I would also point out that the text of the draft agreement, by imposing obligations on the US authorities to consult with and/or to seek the agreement of the Irish authorities in relation to a number of significant operational aspects of preinspection, provides an important element of control by the Irish authorities. For example, Article VI (2) provides that the preinspection facilities to be provided must be the subject of agreement between the competent authorities of both countries; Article VI (3) requires the agreement of the competent Irish authority to any communications and inspection aids and equipment required by the INS for preinspection purposes and Article VII (1) provides for Irish control over the number of INS officials to be assigned to preinspection duties; Article VII (3) imposes an obligation on the US authorities to consult with the competent Irish authority on matters relating to the implementation of the agreement; while Article VII (5) provides that the INS shall immediately inform the Irish Immigration Service of any refusal of passage onwards to the US and supply the latter with all data relevant to that decision.
Moreover, the US authorities have accepted, and it is written into the draft agreement and into section 5 of the Bill, that any search of passengers by INS officials would have to be on a voluntary basis. We regarded this as a very important point of principle.

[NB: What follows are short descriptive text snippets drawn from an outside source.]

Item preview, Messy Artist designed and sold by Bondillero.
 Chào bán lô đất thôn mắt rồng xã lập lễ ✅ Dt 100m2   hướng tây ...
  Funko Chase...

Section 7 of the Bill is concerned with aliens control. At present, for the purposes of aliens control, persons who are in transit at Shannon Airport are not regarded as having arrived in the State. This principle is reflected in section 7, which provides that persons flying into Shannon, who are cleared for passage onwards to the US by the INS and who then continue their journey to the US will not be regarded as having arrived in the State. Where, however, a person is refused passage onwards by the INS, it is necessary that that person should be deemed to have arrived in the State and be required to present himself or herself to an Irish immigration officer for permission to land. This will be necessary because there may not be an early return flight to the person's point of embarkation or place of origin. Persons refused passage onwards will be given or refused permission to land in the State having regard to their individual cases and to the Aliens Act and orders made under that Act.

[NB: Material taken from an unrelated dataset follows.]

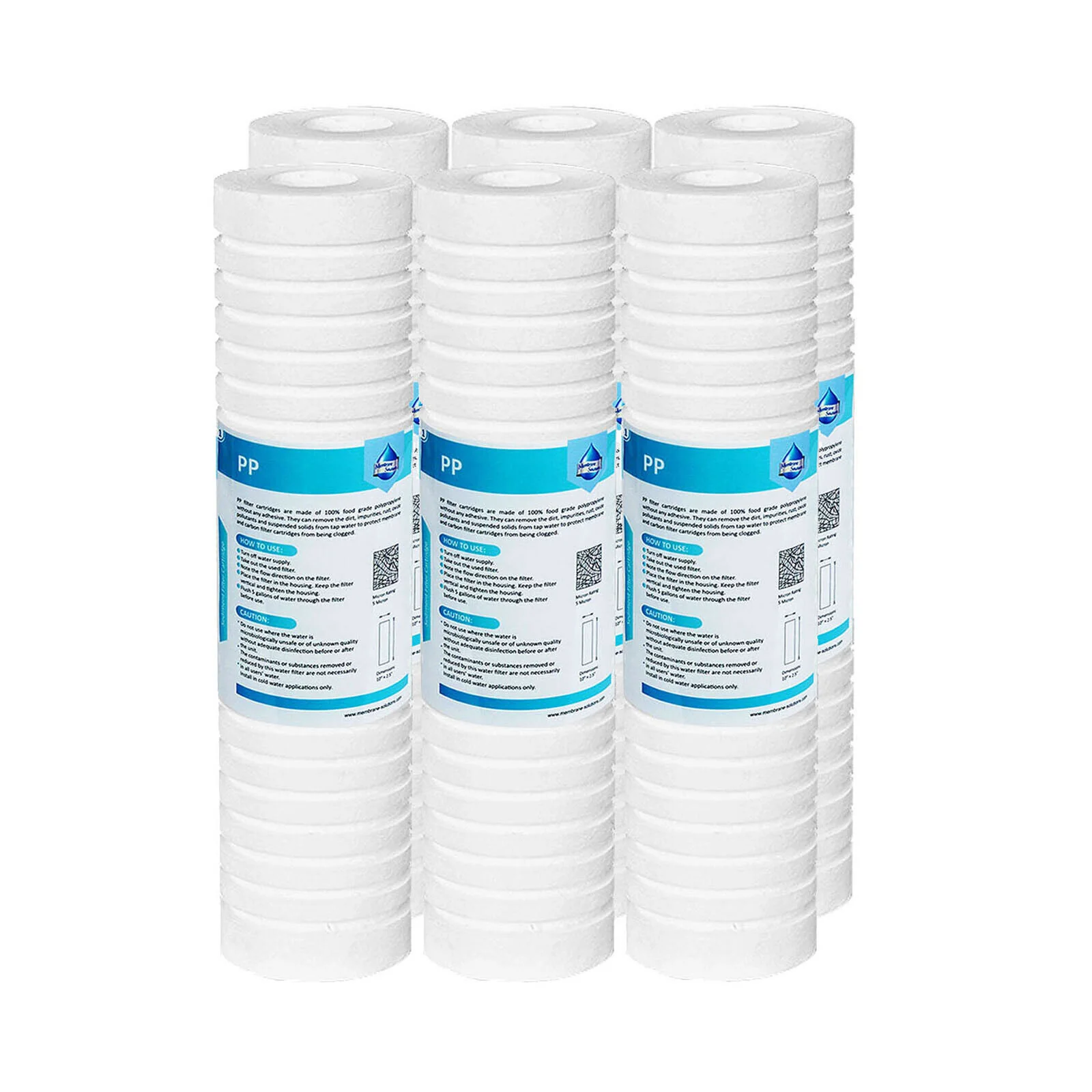 Water Filter Cartridge – 5 Micron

In the case of persons refused permission to land in the State, it may be necessary in some cases to keep them in detention pending suitable flights out of the State. It is not expected that the number of people refused passage onwards will be large or that their numbers should pose any problems for our immigration officers. Accordingly, no extra staff will be needed to deal with this category of person. As I have indicated already, the INS will be required to provide information to our immigration officers about persons refused passage onwards. Such information would be of use to our immigration officers in the event of such persons seeking permission to land in Ireland. This arrangement will not result in any expense to the Irish taxpayer as the draft agreement provides that the air carrier will be responsible for all expenses and arrangements in connection with return to the point of embarkation or country of origin of persons refused passage onwards by the INS.
I think it is important also that I should draw to the attention of Senators the fact that, under the terms of the draft agreement, law enforcement at the proposed preinspection facility will remain in Irish hands. Under Article VI (4) of the draft agreement, the Irish Government undertake to provide appropriate law enforcement assistance to prevent persons refused passage onwards from boarding a preinspected flight. Such assistance would be confined to cases where there was a threat of a breach of the peace or, for instance, where there was a threat of an assault or where an actual assault had taken place. That type of situation can arise at present at any of our airports.
Therefore, what is envisaged in the draft agreement in relation to law enforcement is not new. Indeed, boarding or attempting to board an aircraft by an unauthorised person is already a prohibited act under Article 4 of the Airport By-Laws 1978.
Section 8 of the Bill provides for increased penalties for offences such as obstructing, impeding or assaulting authorised officers or for refusing or failing to leave a State airport when required to do so by an authorised officer. The existing penalties were laid down by the Air Navigation and Transport Act 1950 and are very much out of date.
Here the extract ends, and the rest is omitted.